Friday 4/25/03 Notes
Notetakers: Kuang Chen and Michelle Moravan

*** Main Point ***
Semaphores can be used for the two distinct purposes of mutual exclusion (binary) and scheduling (counting). This results in much confusion.
******************

What is the relationship between scheduling and mutual exclusion?

The difference between synchronization for mutual exclusion and that for 
scheduling is that mutual exclusion allows only one thread to access a shared 
resource at a time, whereas scheduling controls progress by starting and stopping other processes. Scheduling is a subset of mutual exclusion.

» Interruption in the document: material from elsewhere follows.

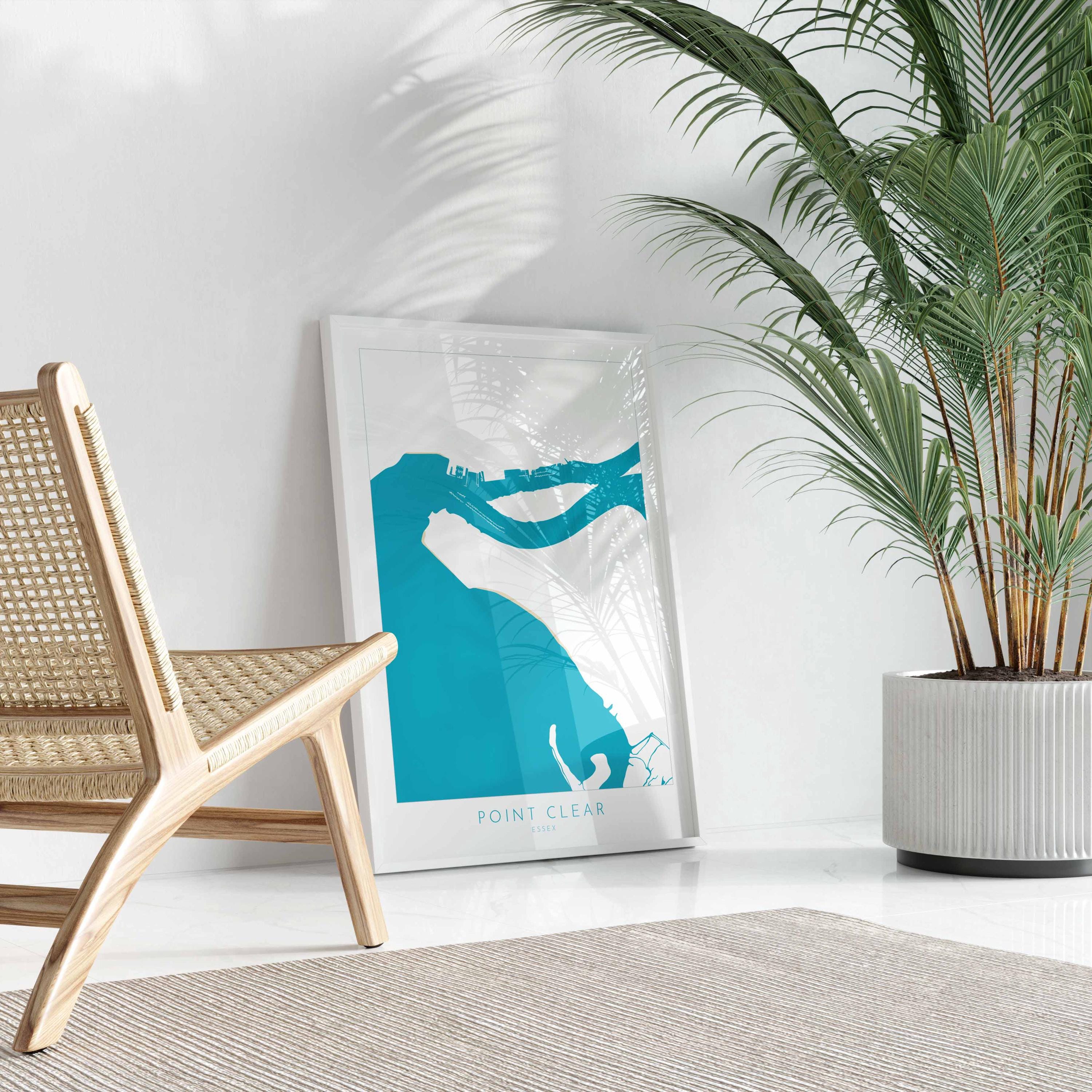 Point Clear Map Art - Essex Map, Point Clear Essex Art, Brightlingsea Map, Clacton-on-Sea UK, Colchester Map, Essex Art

Any scheduling policy must link the problem requirements and the desired behavior.

Returning to the MAILMAN ANALOGY:

Diagram:
person <--------> [mailbox w/ n slots] <---------> mailman

-- begin --

~ Mailbox Owner Requirements ~
if (box not full)
    deposit letter
else 
    wait until box not full

~ Mailman Requirements ~
again:
if (box not empty)
    grab letters
else
    wait until box not empty
goto again

-- end --

Here we find a link between the mailbox owner and the mail man. While owner produces mail and consumes slots, the mailman produces slots and consumes mail. Thus we see the potential for a *symmetrical* solution!

Somehow a signal must be exchanged between two sides. Unfortunately, we can't model this situation with a binary semaphore / mutual exclusion. Why not?
 
~ Review: Binary Semaphore ~
A binary semaphore represents mutually exclusive access to a single resource, 
which is the critical section. In particular, if I am using the resource then nobody else is, and if I am not using the resource then hopefully somebody else is. Most importantly, however, since the count of a binary resource never exceeds one, we are limited to representing a single entity.

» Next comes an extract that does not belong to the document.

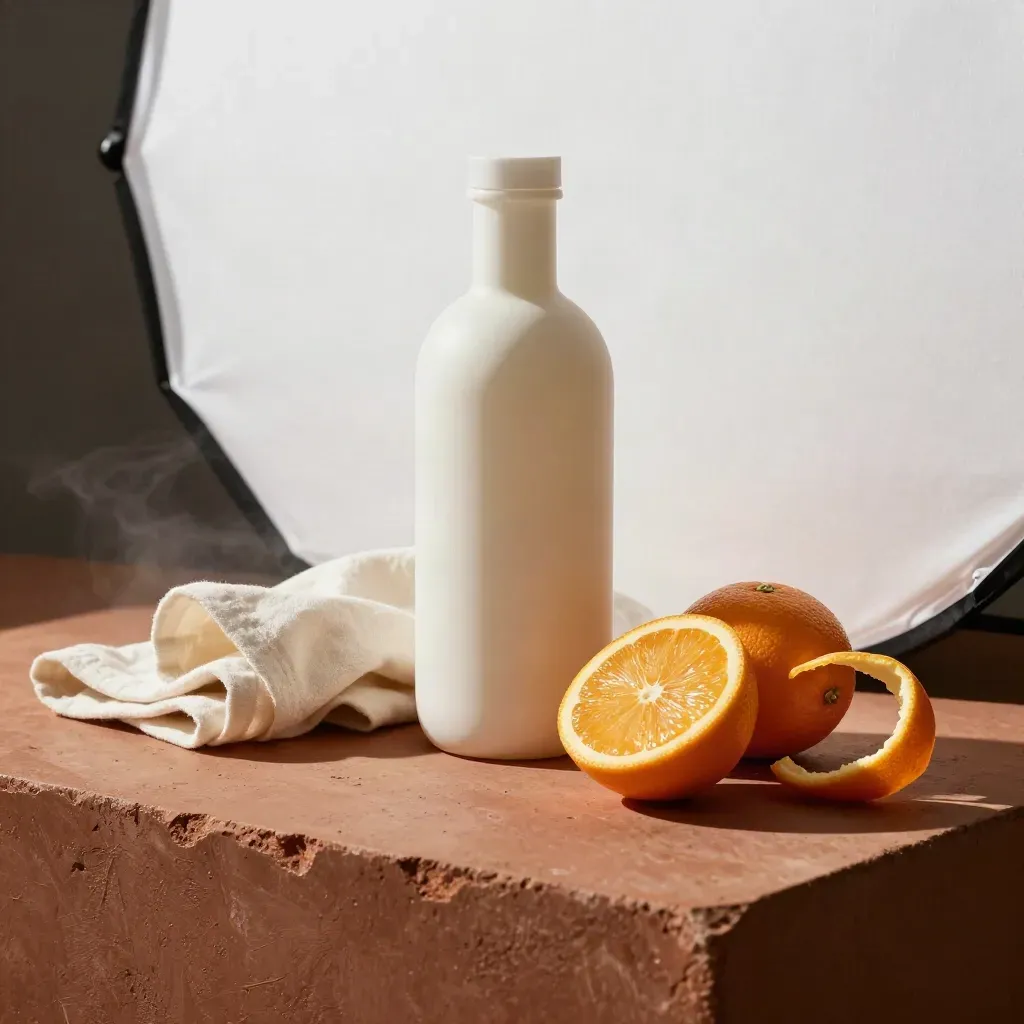 Set foto konten brand dengan botol kaca matte, kain lipat, jeruk, dan panel reflektor putih.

So we see that since we would like model multiple letters, a binary semaphore 
just won't do. Thus we recall the counting semaphore, which we will use for 
scheduling a shared resource for which there exists a multiplicity of entities.

Summary: binary semaphores' counters cannot be >1, cannot handle mutiplicity of entities --> use counting semaphore with counter value set to num of free slots.

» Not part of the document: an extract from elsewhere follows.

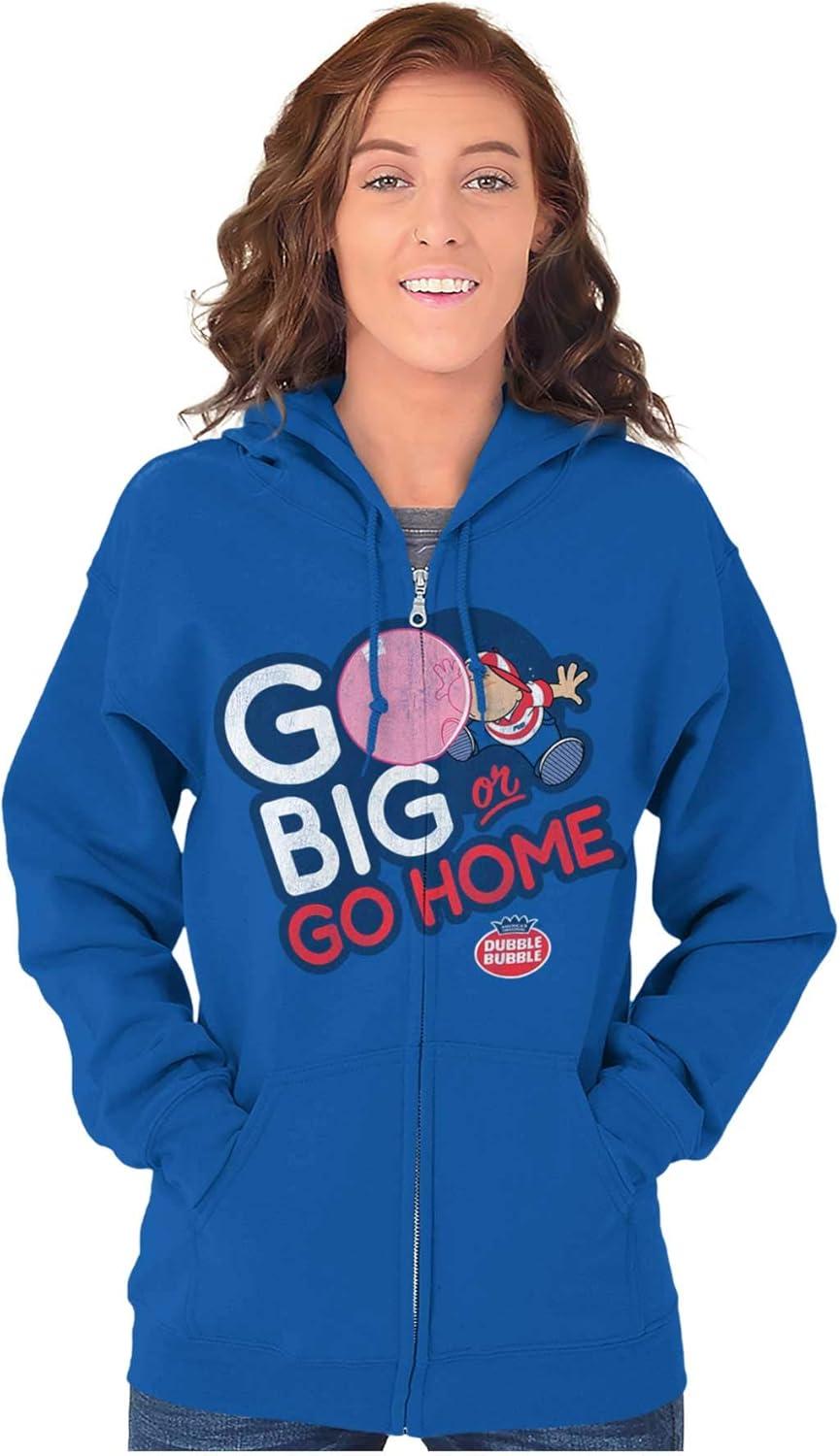 imageBrisco Brands Dubble Bubble Go Big Or Go Home Logo Zip Up Hoodie Mens WomensRoyal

Returning the MAILMAN EXAMPLE once more:

We begin with a certain number of free slots in the mailbox, which is its 
capacity. If this number drops to zero or less, then the mailbox cannot accept 
any more mail. If the owner would like to add another letter, he must wait. In 
terms of a counting semaphore on the free slots:

customer: P // before consuming a free slot 
mailman:  V // after producing a free slot

The reverse occurs for mail (as opposed to slots).

Thus the entire problem can be modeled with two counting semaphores:
	* one for slots
	* the other for letters
and a binary sempaphor on:
	* the shared mailbox

~ FINISHED CODE ~
-- begin --

Semaphore mutex;
Semaphore empty(n); // # of free slots
Semaphore full(0); // # of letters in mbox

/** Mailbox Owner 
 *  The ticket P(empty) represents only that there is a slot available
 *  The resource isn't actually grabbed until P(mutex)
 *  If P(mutex occurred first, the owner might grab the mailbox when there were 
 *  no free slots. In this case there would be deadlock and the mailman would 
 *  sleep forever. 
 */
// see if slots available, then consume or wait as appropriate
  P(empty); // have ticket, can safely consume
  P(mutex); 
    // deposit letter
  V(mutex); // release lock ASAP to maximize sharing
  V(full); // inform the mailman that he has work

/** Mailman 
 *  Same goals as above, just consuming opposites.
*/
  P(full);
  P(mutex);
    // consume letter
  V(mutex);
  V(empty);

-- end --

And so we see how we can combine mutual exclusion with scheduling. The reason why these examples are so confusing is because we are using the same mechanism (semaphores) to provide completely different services (scheduling and mutual exclusion). Thus we must keep track of a lot of unintuitive details in order to 
pull it off.

Monday: We will explore how to implement this using two different mechanisms and so get rid of our confusion.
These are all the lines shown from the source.